PROBLEM DESCRIPTION: All lines from the one containing "Baskets basses en daim blanches Puma" through the end of the material below are to be printed exactly, both ends included, minus pictures.

DATASET CONTENT:

────────────────

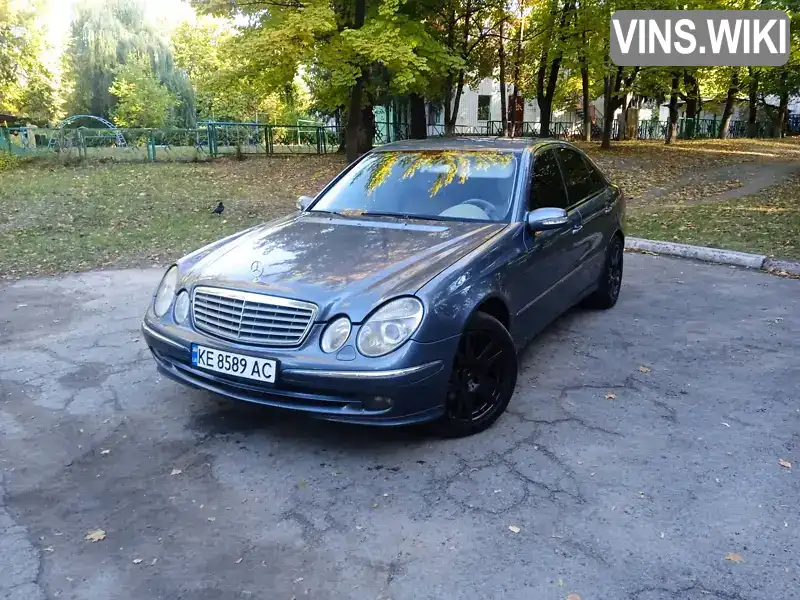 Седан Mercedes-Benz E-Class 2002 2.69 л. Автомат обл. Днепропетровская, Каменское (Днепродзержинск) - Фото 1/10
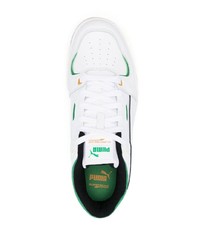 Baskets basses en daim blanches Puma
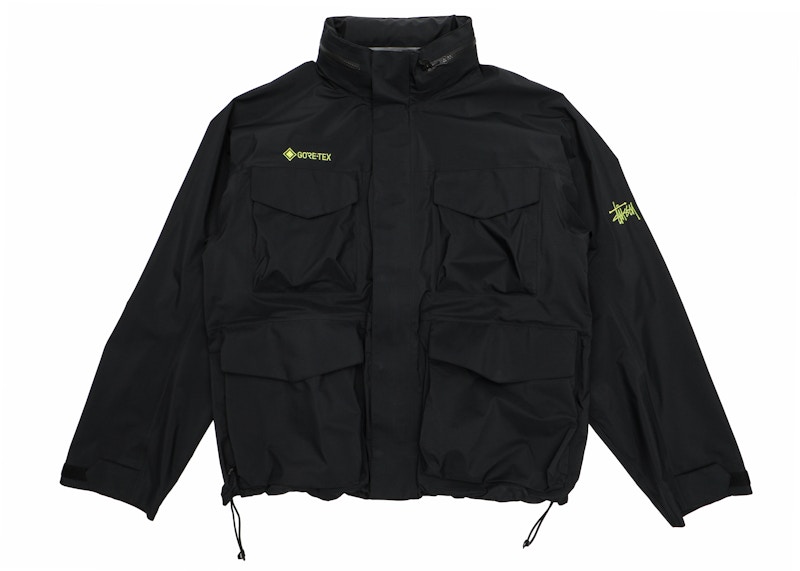 Stussy GORE-TEX M65 Jacket Black Men's - SS24 - US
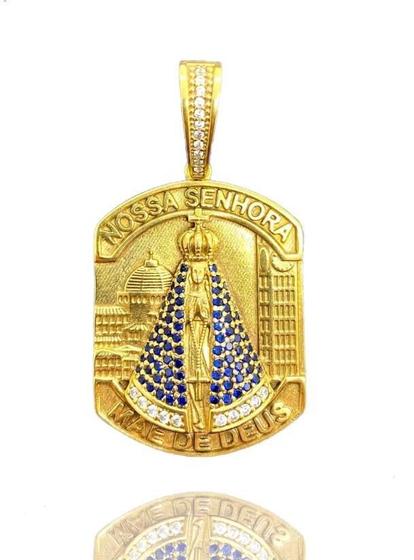 Imagem de Pingente Nossa Senhora Mãe De Deus (M) Banhado A Ouro 18K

────────────────

RESPONSE BELOW:
 Baskets basses en daim blanches Puma
 Stussy GORE-TEX M65 Jacket Black Men's - SS24 - US
 Imagem de Pingente Nossa Senhora Mãe De Deus (M) Banhado A Ouro 18K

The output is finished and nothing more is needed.